▸ **Materials provided**
★ ★ ★ ★ ★ ★ ★
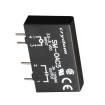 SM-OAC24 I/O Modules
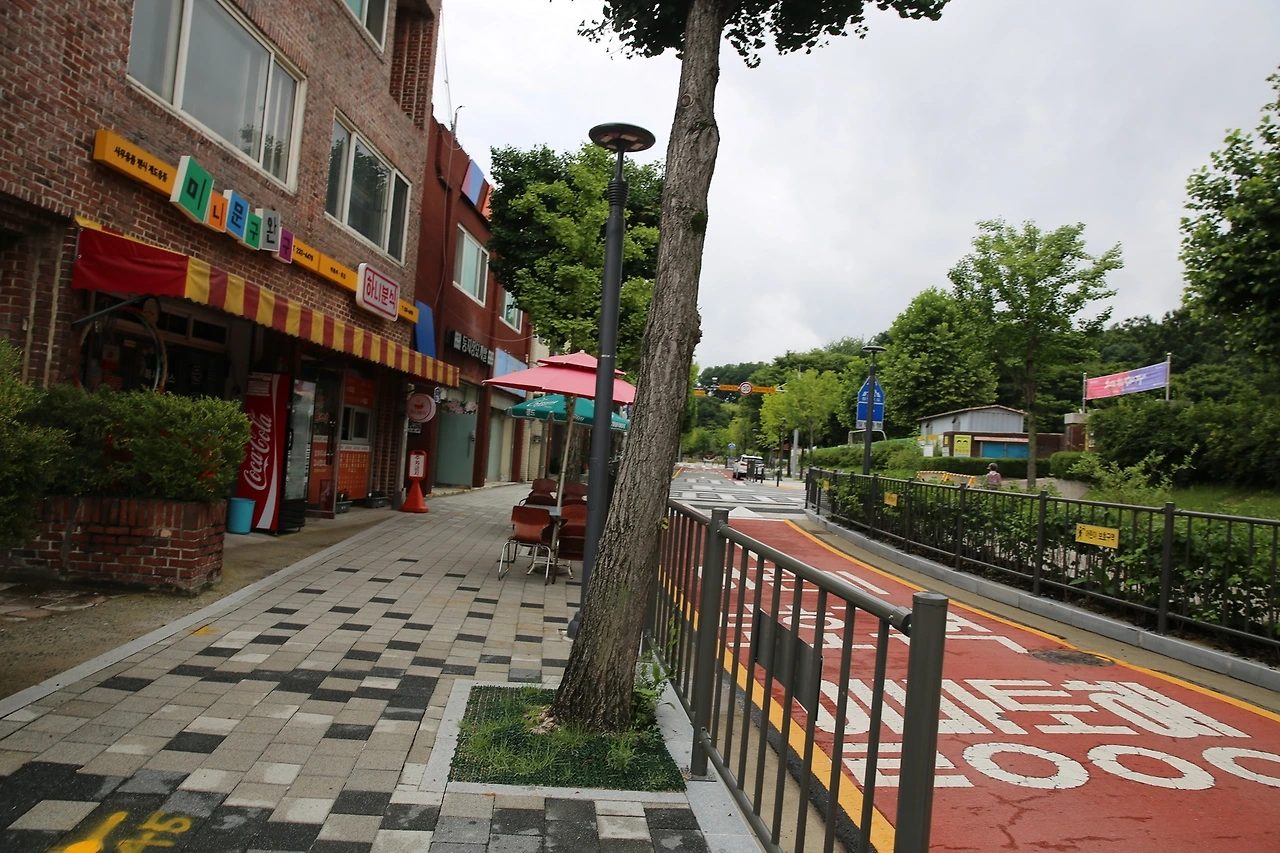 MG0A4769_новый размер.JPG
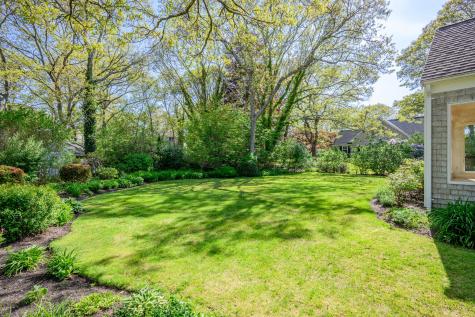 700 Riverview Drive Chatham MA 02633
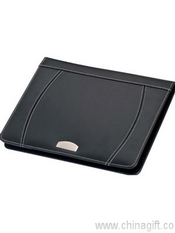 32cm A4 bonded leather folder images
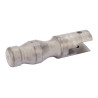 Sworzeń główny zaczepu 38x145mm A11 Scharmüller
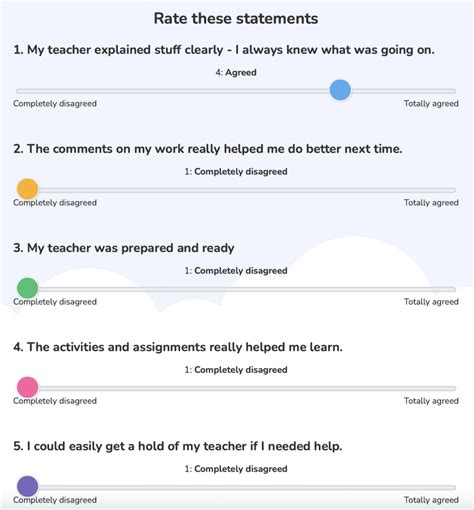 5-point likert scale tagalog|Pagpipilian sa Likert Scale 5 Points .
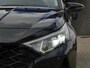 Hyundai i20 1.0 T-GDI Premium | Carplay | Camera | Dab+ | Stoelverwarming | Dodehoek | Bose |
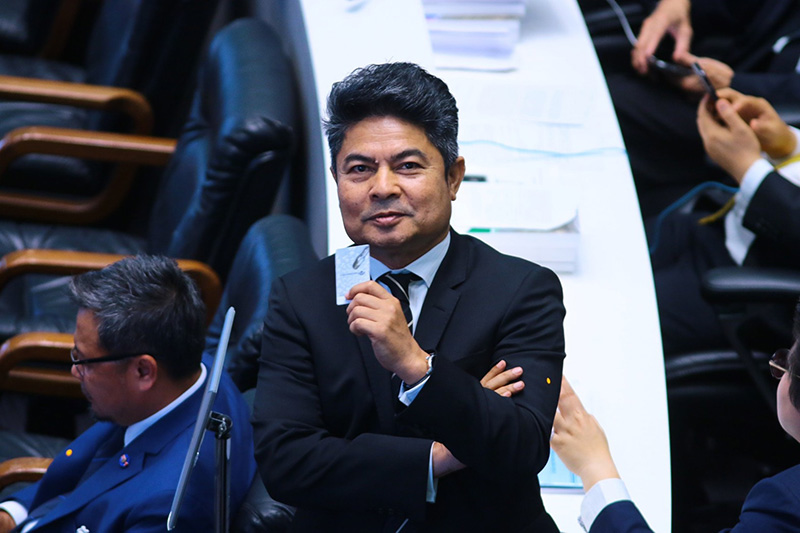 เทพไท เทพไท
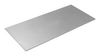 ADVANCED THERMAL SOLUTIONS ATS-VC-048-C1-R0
★ ★ ★ ★ ★ ★ ★
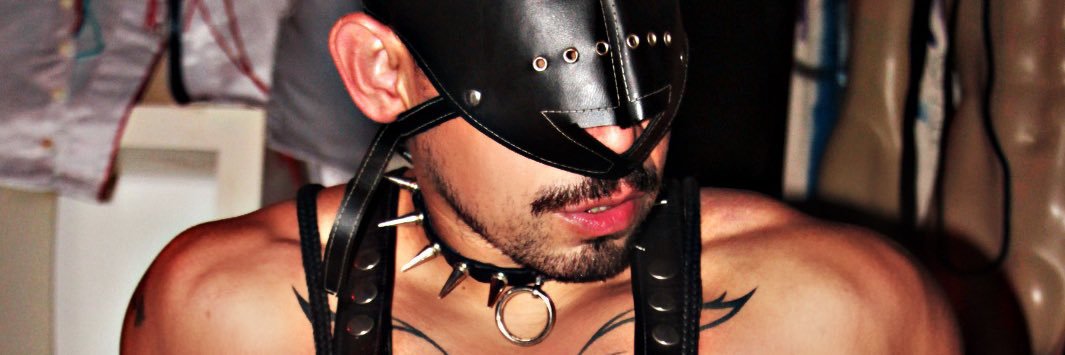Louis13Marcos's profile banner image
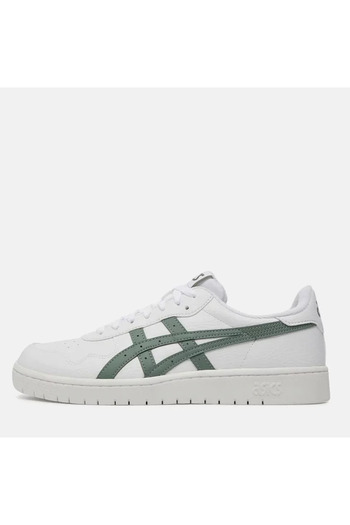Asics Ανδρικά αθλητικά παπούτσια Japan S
★ ★ ★ ★ ★ ★ ★
In the data above, retype only the stretch from the line with "Hyundai i20 1.0" through the line with "ADVANCED THERMAL SOLUTIONS ATS-VC-048-C1-R0", word for word, and skip any pictures.

 Hyundai i20 1.0 T-GDI Premium | Carplay | Camera | Dab+ | Stoelverwarming | Dodehoek | Bose |
 เทพไท เทพไท
 ADVANCED THERMAL SOLUTIONS ATS-VC-048-C1-R0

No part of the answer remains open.